The later versions of OnDemand are able to save the common resources of container PDFs, and call them to load with the particular elemental PDF of the loading document.

In earlier versions, PDF Indexing produces and EXPANDED output PDF in which the common resources are written out with EACH elemental PDF document. We saw input PDF files expand by factors of 8 to 16.

For other questions:
SYS2.CMOD.ADOBE.FONTS    PO VB 255 27998
SYS2.CMOD.ADOBEPDF.TEMPATTR    PS VB 256 27998

I have two members in USERPARMS
ADOBERES with contents: SYS2.CMOD.USERPARM(ADOBEMAP)
ADOBEMAP contains lines as below, top 5 lines a required header format.
PS-Resources-1.0
FontOutline
.
FontOutline
EX_CFF_OCR_A_Extended=SMPE.OD840.ADOBE.FONTS(OCRAEXT)
Times-Roman=SMPE.OD840.ADOBE.FONTS(TIMES)
EX_CFF_Swis721_BT=SMPE.OD840.ADOBE.FONTS(SWISS)
EX_CFF_Swis721_BTBold=SMPE.OD840.ADOBE.FONTS(SWISSBO)
EX_CFF_Swis721_BlkCn_BT=SMPE.OD840.ADOBE.FONTS(SWISSBLC)
EX_CFF_Swis721_Cn_BT=SMPE.OD840.ADOBE.FONTS(SWISSC)
ADOBERES with contents SYS2.CMOD.USERPARM(ADOBEMAP)

format:
SMPE.OD840.ADOBE.FONTS     PO VB 255 27998

LWagner · « **Reply #2 on:** March 10, 2011, 09:47:10 AM »

And PDF format, load as binary, allocated as:
Dsorg Recfm Lrecl Blksz
--------------------------
PS FB 80 27920

Senthil · « **Reply #3 on:** March 11, 2011, 08:36:23 AM »

Thanks for the update.
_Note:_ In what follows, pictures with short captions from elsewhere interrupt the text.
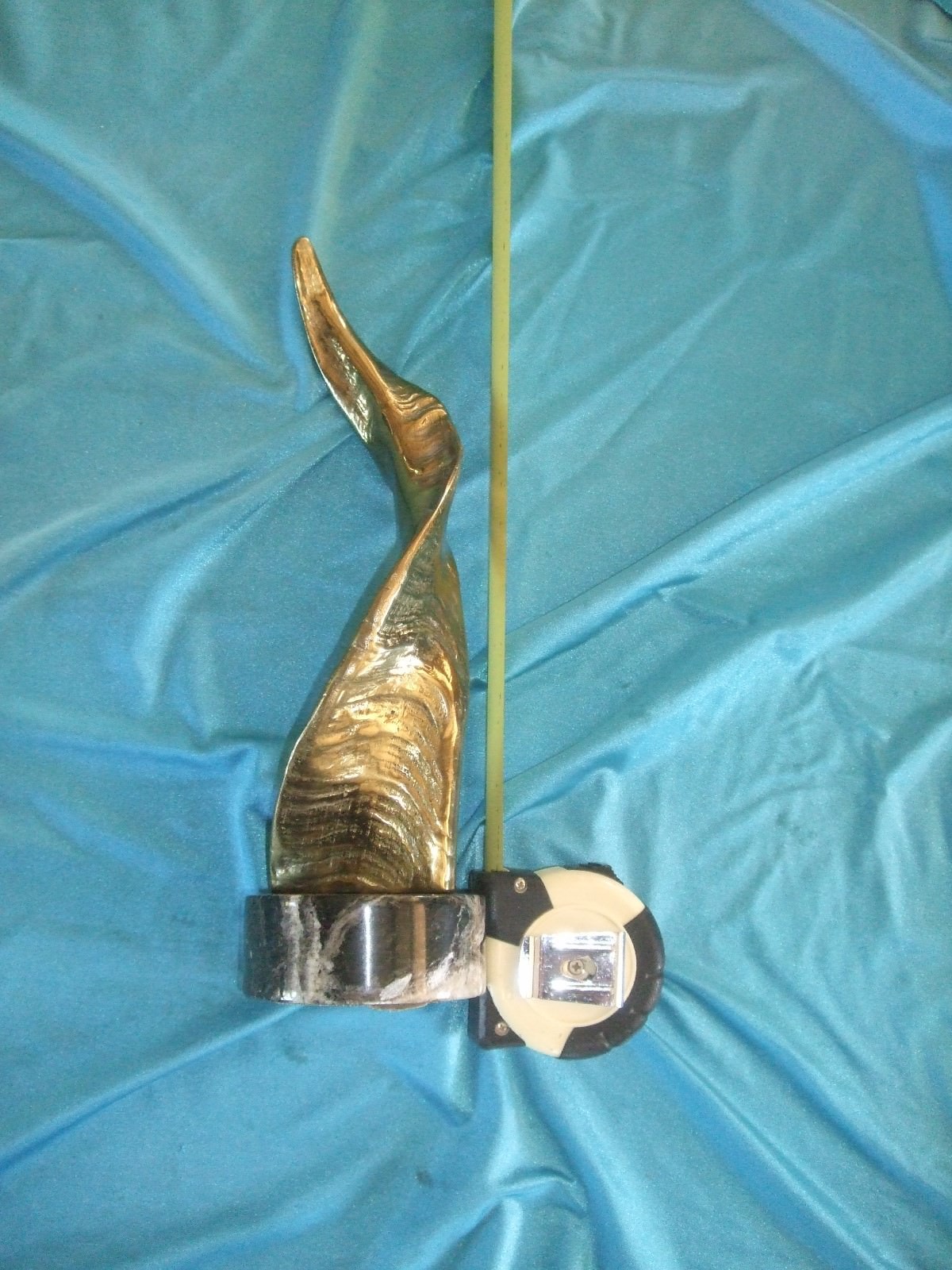 Brass Ram Rams Ram's Horn Sculpture on Marble Base-Exquisite Detail -weight =5lb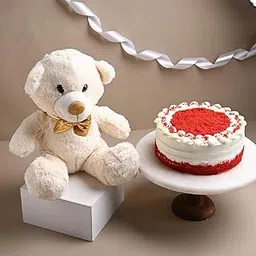 FlowerAura Delicious Fresh 500 Gram Red Velvet Cake With Cute Teddy Bear Valentine's Day Gifts For Girlfriend, Boyfriend, Husband & Wife (Same Day Delivery)-picture-23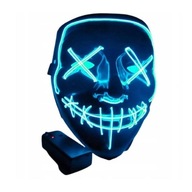 Halloweenska LED ICE BLUE maska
Does OnDemand v8 supports pdf versions below 1.6 or it supports only pdf version 1.6?

Adobe fonts - we don't have adobe type1 fonts on z/os. Do we need to purchase any specific type 1 font library from adobe..

LWagner · « **Reply #4 on:** March 11, 2011, 08:47:13 AM »

No point in it.

We loaded a test Windows Object Server yesterday; no difference in what would load, just run time.

A failing abend that took 109 minutes on z/OS failed in under two minutes.

A load that took about an hour or so completed in 11 minutes. Our calculations show the max load time we will see of 70,000 bills at that speed will take 2330 minutes (almost 40 hours), so to load in three hours will take about 8 load balanced servers. The succssful PDF file only had 339 bills in it. A 2000 bill PDF load abended.

We are re-testing today with fewer CPUs and memory, to see if we get the same performance.

LWagner · « **Reply #5 on:** March 29, 2011, 07:39:48 AM »

Senthil:

Try a PDF load, regardless of version. Acrobat is supposed to load all previous versions of PDFs. Are you loading simple PDFs, or stacked PDFs, with multiple PDF files embedded.

But you need to use ARSPDUMP first to locate your index strings, then place those values in your INDEXER PARAMETERS. Or build a manual index file and reference it with the generic indexer.

Larry

LWagner · « **Reply #6 on:** May 26, 2011, 06:49:32 AM »

We initially accepted the premise from IBM that OnDemand could load any file, including PDFs, up to 4 Gb in OnDemand 8.4.0.3.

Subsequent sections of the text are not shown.